### Supplied data
..........

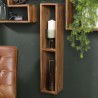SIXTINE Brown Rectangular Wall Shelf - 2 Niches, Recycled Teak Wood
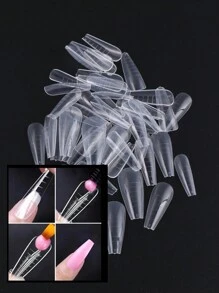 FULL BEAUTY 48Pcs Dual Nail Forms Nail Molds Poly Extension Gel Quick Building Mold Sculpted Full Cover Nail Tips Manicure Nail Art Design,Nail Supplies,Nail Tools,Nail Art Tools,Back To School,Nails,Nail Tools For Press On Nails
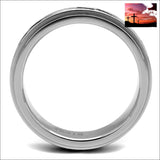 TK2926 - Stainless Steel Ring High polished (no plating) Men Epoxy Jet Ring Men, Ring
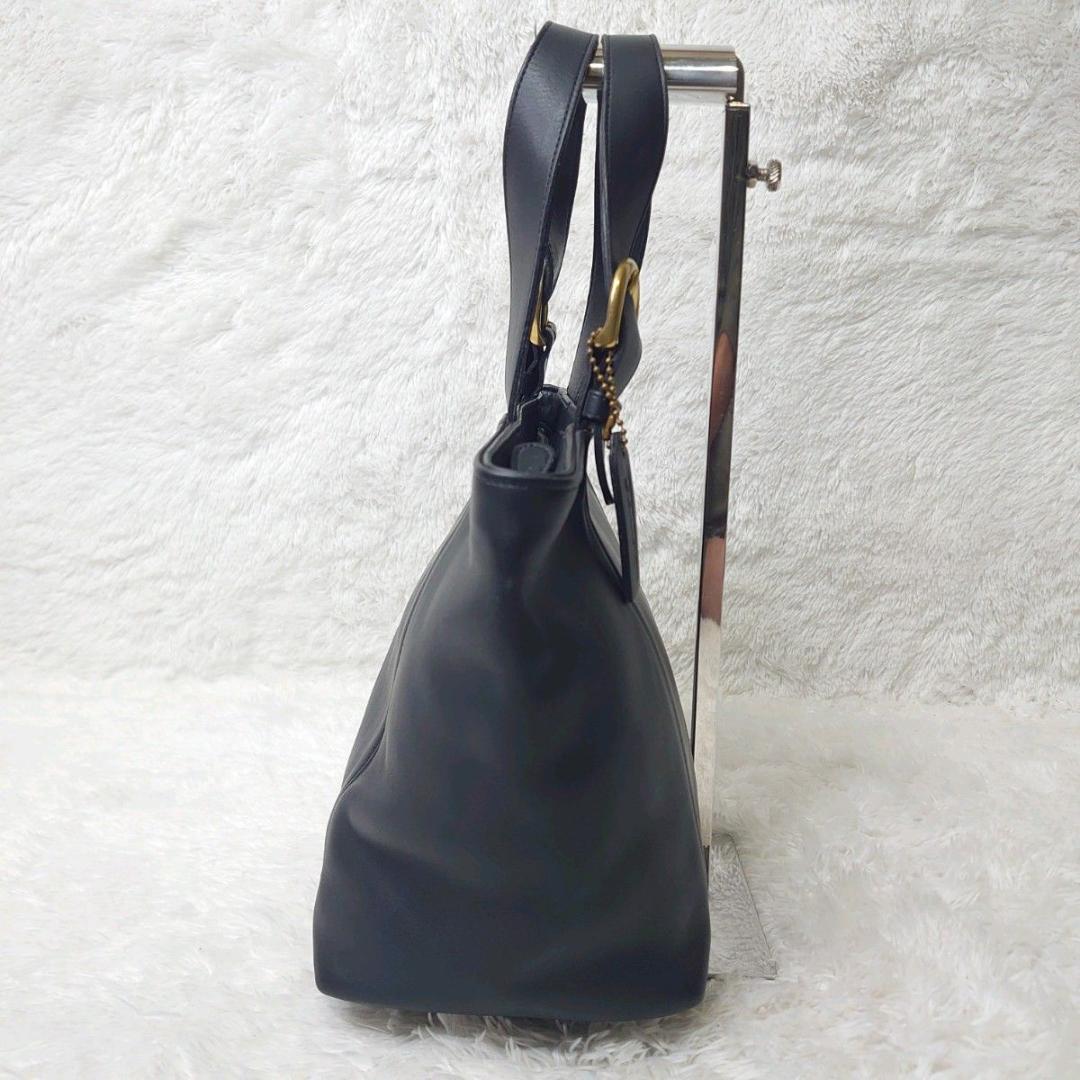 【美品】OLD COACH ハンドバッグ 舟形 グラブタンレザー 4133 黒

..........

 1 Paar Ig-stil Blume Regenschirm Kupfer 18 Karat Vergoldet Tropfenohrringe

..........

Copy exactly the lines of the entries above from the one containing "SIXTINE Brown Rectangular" through the one containing "グラブタンレザー 4133 黒". Both end lines count; pictures do not.

SIXTINE Brown Rectangular Wall Shelf - 2 Niches, Recycled Teak Wood
 FULL BEAUTY 48Pcs Dual Nail Forms Nail Molds Poly Extension Gel Quick Building Mold Sculpted Full Cover Nail Tips Manicure Nail Art Design,Nail Supplies,Nail Tools,Nail Art Tools,Back To School,Nails,Nail Tools For Press On Nails
 TK2926 - Stainless Steel Ring High polished (no plating) Men Epoxy Jet Ring Men, Ring
 【美品】OLD COACH ハンドバッグ 舟形 グラブタンレザー 4133 黒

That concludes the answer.